WHAT IS REQUIRED: Return verbatim all lines from the first one in the records to the line with "El senador republicano", both ends kept.

*** TASK MATERIAL

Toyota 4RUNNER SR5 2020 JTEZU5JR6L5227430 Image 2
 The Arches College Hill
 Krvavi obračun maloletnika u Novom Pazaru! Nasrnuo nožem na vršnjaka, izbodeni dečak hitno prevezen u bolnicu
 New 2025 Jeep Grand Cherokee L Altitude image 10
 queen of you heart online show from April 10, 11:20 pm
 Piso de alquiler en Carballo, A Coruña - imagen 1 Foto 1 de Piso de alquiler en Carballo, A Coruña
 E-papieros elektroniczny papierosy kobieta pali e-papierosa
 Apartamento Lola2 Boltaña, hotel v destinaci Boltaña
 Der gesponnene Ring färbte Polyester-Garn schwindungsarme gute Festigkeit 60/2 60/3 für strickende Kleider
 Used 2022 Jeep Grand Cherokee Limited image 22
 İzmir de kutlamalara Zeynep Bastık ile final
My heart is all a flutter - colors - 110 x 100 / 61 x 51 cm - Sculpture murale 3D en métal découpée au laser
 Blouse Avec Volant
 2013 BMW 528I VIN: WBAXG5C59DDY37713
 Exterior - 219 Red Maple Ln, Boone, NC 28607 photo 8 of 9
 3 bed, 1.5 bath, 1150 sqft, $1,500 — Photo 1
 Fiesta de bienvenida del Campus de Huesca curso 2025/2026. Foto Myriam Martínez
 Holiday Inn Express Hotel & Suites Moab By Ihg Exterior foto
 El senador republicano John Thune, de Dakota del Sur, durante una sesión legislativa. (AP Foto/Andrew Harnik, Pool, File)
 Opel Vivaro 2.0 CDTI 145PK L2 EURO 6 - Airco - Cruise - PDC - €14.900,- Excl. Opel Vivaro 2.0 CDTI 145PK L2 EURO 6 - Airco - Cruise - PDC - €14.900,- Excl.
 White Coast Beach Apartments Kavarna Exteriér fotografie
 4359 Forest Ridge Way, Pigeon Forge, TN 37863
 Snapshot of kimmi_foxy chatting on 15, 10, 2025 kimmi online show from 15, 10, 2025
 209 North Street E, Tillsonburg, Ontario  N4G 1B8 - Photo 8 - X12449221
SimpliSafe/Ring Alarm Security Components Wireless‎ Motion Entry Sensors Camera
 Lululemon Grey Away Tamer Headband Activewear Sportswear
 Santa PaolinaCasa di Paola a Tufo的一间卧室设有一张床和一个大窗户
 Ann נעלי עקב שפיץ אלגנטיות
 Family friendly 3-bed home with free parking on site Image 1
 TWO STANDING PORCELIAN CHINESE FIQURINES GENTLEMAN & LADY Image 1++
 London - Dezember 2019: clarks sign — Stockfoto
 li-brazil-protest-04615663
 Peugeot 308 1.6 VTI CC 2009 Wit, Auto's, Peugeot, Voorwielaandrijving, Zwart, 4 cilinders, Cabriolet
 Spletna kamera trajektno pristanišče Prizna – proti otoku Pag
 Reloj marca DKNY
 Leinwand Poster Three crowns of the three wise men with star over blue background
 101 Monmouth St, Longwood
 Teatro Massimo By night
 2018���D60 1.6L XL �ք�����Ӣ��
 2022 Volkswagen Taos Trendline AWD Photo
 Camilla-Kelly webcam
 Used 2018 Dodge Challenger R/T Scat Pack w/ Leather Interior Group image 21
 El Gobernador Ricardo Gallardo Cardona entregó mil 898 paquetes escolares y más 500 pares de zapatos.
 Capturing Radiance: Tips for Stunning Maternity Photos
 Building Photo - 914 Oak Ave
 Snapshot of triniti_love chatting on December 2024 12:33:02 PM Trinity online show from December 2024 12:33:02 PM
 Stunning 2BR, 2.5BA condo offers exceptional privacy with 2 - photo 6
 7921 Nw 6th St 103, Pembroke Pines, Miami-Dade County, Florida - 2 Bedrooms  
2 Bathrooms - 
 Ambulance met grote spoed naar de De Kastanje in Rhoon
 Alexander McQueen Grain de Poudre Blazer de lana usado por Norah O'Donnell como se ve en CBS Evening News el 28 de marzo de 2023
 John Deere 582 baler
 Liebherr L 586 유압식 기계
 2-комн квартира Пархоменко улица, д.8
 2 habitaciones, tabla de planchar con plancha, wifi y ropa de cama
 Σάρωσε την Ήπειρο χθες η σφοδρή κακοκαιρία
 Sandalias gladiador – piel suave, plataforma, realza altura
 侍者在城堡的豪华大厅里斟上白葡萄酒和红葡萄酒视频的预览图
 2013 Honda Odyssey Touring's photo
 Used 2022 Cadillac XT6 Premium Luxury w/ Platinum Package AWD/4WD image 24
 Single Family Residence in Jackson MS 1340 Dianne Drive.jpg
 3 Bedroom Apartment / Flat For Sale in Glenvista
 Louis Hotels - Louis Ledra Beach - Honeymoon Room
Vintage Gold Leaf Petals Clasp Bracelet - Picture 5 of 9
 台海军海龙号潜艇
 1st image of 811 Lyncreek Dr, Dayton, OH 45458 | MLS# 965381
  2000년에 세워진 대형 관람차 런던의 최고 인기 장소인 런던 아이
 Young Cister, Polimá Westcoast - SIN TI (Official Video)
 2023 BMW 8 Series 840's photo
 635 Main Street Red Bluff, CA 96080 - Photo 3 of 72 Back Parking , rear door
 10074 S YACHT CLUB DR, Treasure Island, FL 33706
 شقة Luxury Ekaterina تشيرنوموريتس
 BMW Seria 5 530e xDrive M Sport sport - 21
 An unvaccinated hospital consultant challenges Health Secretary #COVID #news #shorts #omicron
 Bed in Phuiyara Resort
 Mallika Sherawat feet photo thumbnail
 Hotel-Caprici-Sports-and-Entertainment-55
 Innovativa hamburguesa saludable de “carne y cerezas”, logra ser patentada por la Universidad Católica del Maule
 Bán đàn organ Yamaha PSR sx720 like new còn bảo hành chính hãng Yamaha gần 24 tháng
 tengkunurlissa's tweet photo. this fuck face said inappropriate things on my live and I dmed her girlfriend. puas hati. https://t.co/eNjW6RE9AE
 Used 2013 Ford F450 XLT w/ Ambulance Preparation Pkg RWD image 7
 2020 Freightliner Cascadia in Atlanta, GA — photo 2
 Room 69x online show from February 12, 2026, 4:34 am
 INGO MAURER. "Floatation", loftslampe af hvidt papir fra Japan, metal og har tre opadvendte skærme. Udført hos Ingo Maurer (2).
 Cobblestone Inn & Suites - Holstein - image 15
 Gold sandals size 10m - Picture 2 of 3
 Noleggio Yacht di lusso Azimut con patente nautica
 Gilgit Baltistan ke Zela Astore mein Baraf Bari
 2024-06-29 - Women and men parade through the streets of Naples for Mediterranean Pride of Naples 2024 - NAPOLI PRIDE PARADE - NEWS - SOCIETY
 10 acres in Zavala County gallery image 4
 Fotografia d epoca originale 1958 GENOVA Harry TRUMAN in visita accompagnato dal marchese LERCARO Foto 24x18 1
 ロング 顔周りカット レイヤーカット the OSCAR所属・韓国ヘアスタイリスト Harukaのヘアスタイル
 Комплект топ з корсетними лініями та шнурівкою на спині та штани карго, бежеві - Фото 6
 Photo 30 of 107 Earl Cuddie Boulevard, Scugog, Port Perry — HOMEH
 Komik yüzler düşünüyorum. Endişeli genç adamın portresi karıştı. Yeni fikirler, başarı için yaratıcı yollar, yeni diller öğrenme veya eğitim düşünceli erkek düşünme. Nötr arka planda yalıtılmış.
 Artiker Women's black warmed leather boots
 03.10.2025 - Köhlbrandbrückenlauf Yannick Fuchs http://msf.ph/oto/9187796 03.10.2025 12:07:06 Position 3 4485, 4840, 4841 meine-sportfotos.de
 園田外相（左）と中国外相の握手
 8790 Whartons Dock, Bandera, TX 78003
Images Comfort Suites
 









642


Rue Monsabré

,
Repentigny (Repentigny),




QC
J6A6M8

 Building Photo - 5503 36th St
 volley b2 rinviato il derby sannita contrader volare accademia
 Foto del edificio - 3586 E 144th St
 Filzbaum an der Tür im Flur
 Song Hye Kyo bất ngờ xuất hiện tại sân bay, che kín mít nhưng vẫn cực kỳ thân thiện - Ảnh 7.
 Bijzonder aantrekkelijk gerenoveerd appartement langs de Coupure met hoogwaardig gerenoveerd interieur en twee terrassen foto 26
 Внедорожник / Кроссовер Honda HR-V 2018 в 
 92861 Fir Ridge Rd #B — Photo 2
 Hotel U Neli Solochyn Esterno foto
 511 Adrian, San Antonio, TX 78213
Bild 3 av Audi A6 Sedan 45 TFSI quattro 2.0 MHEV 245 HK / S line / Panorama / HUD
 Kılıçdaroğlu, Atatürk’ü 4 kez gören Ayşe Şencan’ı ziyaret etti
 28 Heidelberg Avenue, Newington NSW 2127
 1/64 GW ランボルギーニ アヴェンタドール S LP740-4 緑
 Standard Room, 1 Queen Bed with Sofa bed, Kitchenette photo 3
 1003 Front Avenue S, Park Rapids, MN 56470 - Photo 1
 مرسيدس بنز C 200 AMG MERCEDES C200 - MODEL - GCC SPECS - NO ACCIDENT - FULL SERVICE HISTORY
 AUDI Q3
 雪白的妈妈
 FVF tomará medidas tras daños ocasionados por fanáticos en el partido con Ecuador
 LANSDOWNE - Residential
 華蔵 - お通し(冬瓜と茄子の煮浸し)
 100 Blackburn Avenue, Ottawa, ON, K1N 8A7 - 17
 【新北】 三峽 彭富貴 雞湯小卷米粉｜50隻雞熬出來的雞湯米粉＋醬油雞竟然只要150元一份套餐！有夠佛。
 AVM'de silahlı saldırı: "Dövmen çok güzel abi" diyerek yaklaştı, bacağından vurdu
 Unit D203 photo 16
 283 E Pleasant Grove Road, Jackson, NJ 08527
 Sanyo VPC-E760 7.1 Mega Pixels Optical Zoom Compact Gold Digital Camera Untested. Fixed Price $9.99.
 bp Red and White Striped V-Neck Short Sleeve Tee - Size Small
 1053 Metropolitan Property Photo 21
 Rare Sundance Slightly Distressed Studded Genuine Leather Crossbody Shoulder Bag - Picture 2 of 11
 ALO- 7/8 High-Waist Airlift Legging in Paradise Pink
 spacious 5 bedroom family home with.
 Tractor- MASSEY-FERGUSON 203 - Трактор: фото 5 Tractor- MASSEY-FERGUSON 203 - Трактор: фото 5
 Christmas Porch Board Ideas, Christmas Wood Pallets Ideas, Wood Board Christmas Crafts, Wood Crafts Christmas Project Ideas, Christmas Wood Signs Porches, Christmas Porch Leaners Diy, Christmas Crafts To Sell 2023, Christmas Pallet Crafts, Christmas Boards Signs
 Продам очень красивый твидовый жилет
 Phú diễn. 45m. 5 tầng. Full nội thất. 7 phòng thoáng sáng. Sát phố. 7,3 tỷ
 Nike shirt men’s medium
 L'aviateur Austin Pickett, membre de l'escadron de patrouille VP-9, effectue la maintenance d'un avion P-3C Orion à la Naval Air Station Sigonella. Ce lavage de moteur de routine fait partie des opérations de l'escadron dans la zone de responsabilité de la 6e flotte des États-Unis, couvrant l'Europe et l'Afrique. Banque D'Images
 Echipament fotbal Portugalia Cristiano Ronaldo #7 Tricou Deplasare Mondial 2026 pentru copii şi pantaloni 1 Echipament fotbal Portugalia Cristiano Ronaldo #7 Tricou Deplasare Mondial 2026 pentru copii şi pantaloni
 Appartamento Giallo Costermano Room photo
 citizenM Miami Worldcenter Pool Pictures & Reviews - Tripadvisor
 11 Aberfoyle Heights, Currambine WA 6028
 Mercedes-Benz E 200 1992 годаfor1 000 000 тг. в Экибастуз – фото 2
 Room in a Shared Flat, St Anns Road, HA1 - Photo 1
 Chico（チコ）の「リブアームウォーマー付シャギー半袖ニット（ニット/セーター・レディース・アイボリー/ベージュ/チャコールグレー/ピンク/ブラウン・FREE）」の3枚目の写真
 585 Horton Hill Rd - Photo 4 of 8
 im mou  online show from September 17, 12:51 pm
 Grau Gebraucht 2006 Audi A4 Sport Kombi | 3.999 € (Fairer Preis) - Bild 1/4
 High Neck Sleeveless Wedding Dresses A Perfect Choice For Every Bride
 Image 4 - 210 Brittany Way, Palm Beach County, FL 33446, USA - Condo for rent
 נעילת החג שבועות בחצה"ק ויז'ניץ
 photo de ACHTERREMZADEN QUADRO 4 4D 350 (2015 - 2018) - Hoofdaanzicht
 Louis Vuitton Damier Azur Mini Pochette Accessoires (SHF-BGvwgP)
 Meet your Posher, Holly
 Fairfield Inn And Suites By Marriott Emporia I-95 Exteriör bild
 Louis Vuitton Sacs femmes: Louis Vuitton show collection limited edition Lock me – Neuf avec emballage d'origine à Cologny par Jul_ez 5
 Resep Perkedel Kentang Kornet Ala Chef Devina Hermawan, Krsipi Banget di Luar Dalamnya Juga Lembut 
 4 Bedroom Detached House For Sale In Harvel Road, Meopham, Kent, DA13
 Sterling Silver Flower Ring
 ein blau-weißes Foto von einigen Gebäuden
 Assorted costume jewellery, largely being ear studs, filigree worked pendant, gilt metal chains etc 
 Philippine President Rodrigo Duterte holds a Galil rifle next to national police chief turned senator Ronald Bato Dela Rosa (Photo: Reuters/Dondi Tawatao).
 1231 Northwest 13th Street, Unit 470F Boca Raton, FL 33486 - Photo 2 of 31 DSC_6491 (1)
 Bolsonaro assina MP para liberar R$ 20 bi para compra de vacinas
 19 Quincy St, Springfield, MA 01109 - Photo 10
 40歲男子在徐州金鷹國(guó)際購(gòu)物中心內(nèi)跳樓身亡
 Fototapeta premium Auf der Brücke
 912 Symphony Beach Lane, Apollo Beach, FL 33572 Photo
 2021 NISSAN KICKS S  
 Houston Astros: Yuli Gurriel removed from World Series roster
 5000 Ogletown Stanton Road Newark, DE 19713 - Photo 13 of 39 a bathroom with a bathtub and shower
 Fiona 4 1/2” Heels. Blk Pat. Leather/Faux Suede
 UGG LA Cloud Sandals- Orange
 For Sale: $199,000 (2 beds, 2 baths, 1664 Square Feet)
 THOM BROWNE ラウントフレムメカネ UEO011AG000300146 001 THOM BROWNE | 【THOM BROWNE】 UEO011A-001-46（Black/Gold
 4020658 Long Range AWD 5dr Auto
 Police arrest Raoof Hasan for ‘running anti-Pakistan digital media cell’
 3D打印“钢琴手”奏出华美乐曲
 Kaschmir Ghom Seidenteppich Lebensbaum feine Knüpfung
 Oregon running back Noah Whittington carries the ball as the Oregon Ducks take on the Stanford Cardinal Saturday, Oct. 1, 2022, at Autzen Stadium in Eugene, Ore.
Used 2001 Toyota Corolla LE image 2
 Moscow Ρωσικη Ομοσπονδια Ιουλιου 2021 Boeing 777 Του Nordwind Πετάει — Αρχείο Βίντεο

******

RESULT:
Toyota 4RUNNER SR5 2020 JTEZU5JR6L5227430 Image 2
 The Arches College Hill
 Krvavi obračun maloletnika u Novom Pazaru! Nasrnuo nožem na vršnjaka, izbodeni dečak hitno prevezen u bolnicu
 New 2025 Jeep Grand Cherokee L Altitude image 10
 queen of you heart online show from April 10, 11:20 pm
 Piso de alquiler en Carballo, A Coruña - imagen 1 Foto 1 de Piso de alquiler en Carballo, A Coruña
 E-papieros elektroniczny papierosy kobieta pali e-papierosa
 Apartamento Lola2 Boltaña, hotel v destinaci Boltaña
 Der gesponnene Ring färbte Polyester-Garn schwindungsarme gute Festigkeit 60/2 60/3 für strickende Kleider
 Used 2022 Jeep Grand Cherokee Limited image 22
 İzmir de kutlamalara Zeynep Bastık ile final
My heart is all a flutter - colors - 110 x 100 / 61 x 51 cm - Sculpture murale 3D en métal découpée au laser
 Blouse Avec Volant
 2013 BMW 528I VIN: WBAXG5C59DDY37713
 Exterior - 219 Red Maple Ln, Boone, NC 28607 photo 8 of 9
 3 bed, 1.5 bath, 1150 sqft, $1,500 — Photo 1
 Fiesta de bienvenida del Campus de Huesca curso 2025/2026. Foto Myriam Martínez
 Holiday Inn Express Hotel & Suites Moab By Ihg Exterior foto
 El senador republicano John Thune, de Dakota del Sur, durante una sesión legislativa. (AP Foto/Andrew Harnik, Pool, File)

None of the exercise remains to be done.